Der politische Anspruch sei von Anfang an dagewesen: „Wir wollten Kultur von allen für alle machen.“ Und in Reutlingen hätte es da einen großen Nachholbedarf gegeben. Erst die Kulturkonzeption, die lange gefordert und 2005 fertiggestellt wurde, habe auch der Soziokultur den Weg geebnet.

Grüner setzte sich nicht nur für Veranstaltungsräume ein, er war auch selbst als Musiker aktiv. Er lernte den Tenor Juan Remon kennen, der einen Pianisten suchte, und reiste mit ihm durch halb Europa. Immer wieder gab es auch in Reutlingen gemeinsame Auftritte. Das Nepomuk und die Noche Latina wurde zu der Adresse für die Salsa-Szene in der Region. Ungefähr 200 Gäste kamen zu jedem Live-Event, manche von weit her.

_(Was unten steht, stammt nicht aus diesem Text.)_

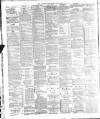 Blackburn Times Saturday 06 July 1889 Page 4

Mit der Kulturkonzeption und ihren drei Säulen (franz. K, Stadthalle, Tonne-Neubau) wurde das soziokulturelle Zentrum 2008 Realität. Kultur von vielen für viele. Am 22. Dezember 2008 wurde das franz. K mit einem bunten Veranstaltungsmix eröffnet. Am Tag darauf trat der Ruhr-Rock-Poet Stoppok als Top-Act auf. „Das war ein tolles Gefühl, das war großartig“, erinnern sich Grüner und seine Frau Burga. Das erste Jahr übertraf gleich alle Erwartungen: 280 Veranstaltungen mit rund 40 000 Besucher(inne)n.

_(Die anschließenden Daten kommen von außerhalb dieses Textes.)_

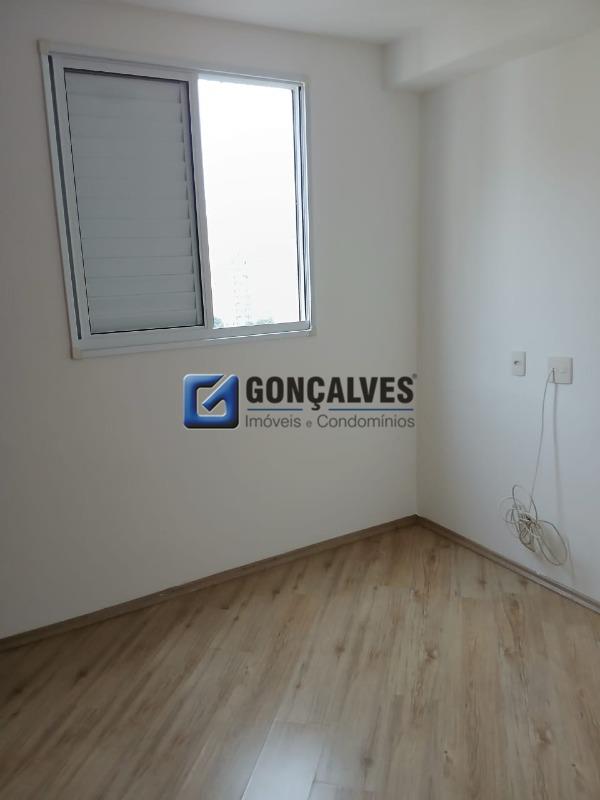 102428, Apartamento, para aluguel, para alugar, 2.100,00,Planalto, São Bernardo do Campo,2 quartos:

„Bezahlbar, offen für alle Generationen und bewusst interkulturell“, so beschreibt Grüner die Vorstellungen, mit denen damals der Förderverein gegründet wurde. „Er hatte zunächst 25 Mitglieder, heute hat er 550“, sagt er nicht ohne Stolz. Für Grüner, der davor nie in einem Verein tätig gewesen war, ist damals eines klar gewesen: „Wenn wir das machen, dann richtig professionell.“ Ohne Grüners Mitarbeit hätte sich das Zentrum wohl nie so rasch entwickelt. Er war zunächst Vorsitzender, später Aufsichtsratssprecher des Kulturvereins: „Kein anderes Kulturzentrum hat so viele Mitglieder wie wir, die ehrenamtlich mitarbeiten.“

Um das franz. K finanziell besser abzusichern, trat Grüner den Marsch durch die Institutionen an. Er führte Gespräche mit allen Fraktionen und warb unermüdlich für mehr Zuschüsse. Gleichzeitig wurden Spenden akquiriert. Auf jeden Euro, der eingeht, legt das Land einen weiteren drauf. Das erklärte Ziel war es von Anfang an, den Beschäftigten möglichst einen Stundenlohn zu bezahlen, der an den Tarif des Öffentlichen Diensts angelehnt ist. Ein Ziel, das nach 12 Jahren fast erreicht ist.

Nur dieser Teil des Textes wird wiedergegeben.